▶ **WORK TO BE COMPLETED**:
Reproduce the material below only from the line with "5104 York Park" to the line with "Search for Obituaries", both included, keeping each line exact and dropping the pictures.
(SUPPLIED INFORMATION)
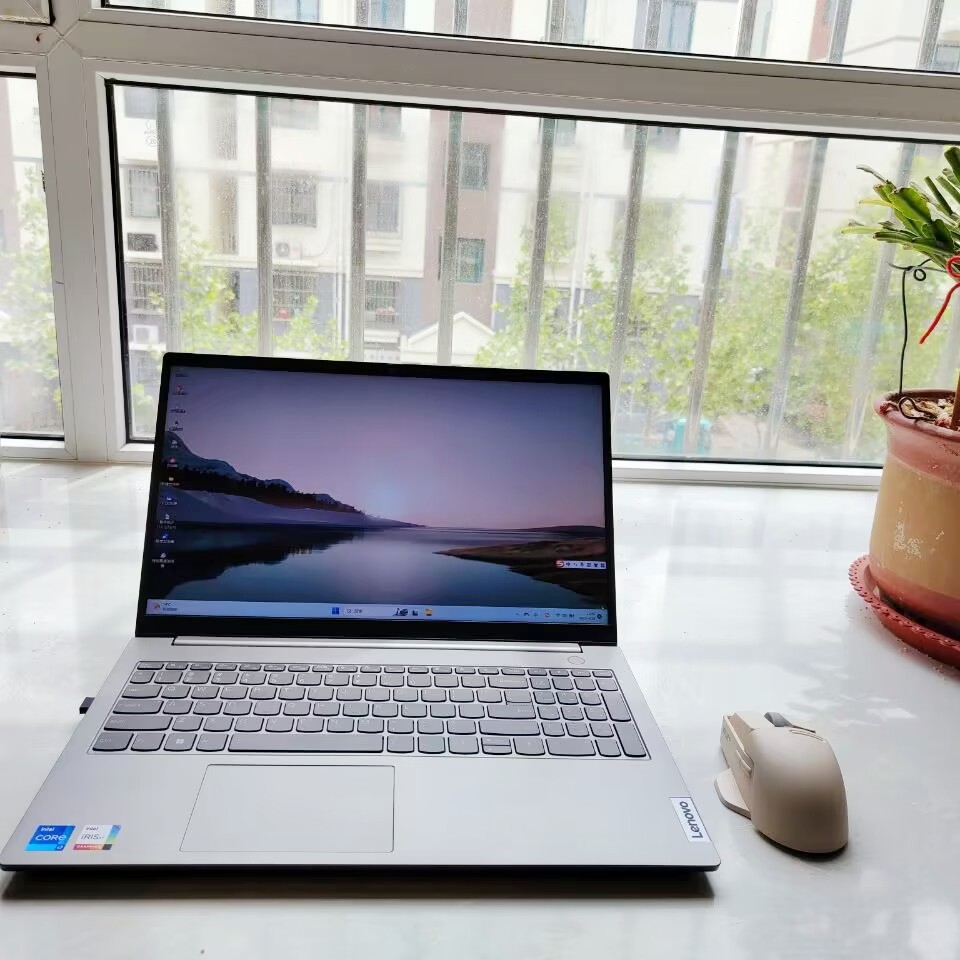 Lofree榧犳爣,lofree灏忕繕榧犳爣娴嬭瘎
(End SUPPLIED INFORMATION)
(SUPPLIED INFORMATION)
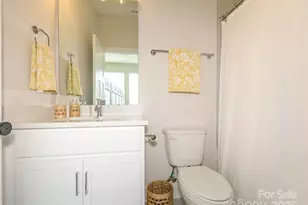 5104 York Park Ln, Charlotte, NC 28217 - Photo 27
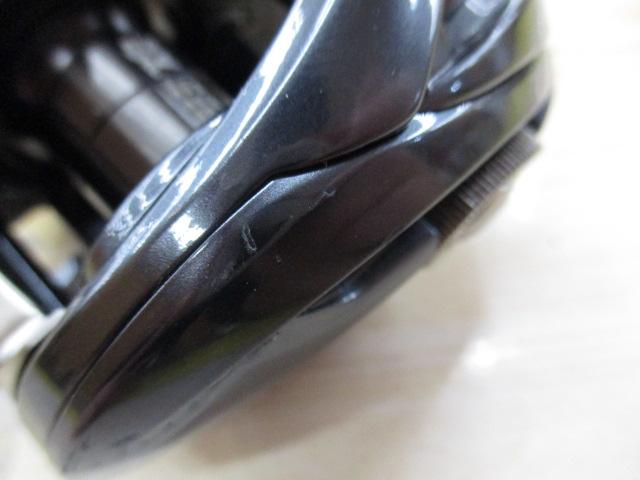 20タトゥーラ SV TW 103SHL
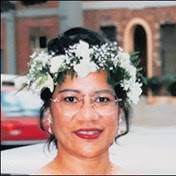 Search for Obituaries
(End SUPPLIED INFORMATION)
▶ **RESPONSE TO THE EXERCISE**:
 5104 York Park Ln, Charlotte, NC 28217 - Photo 27
 20タトゥーラ SV TW 103SHL
 Search for Obituaries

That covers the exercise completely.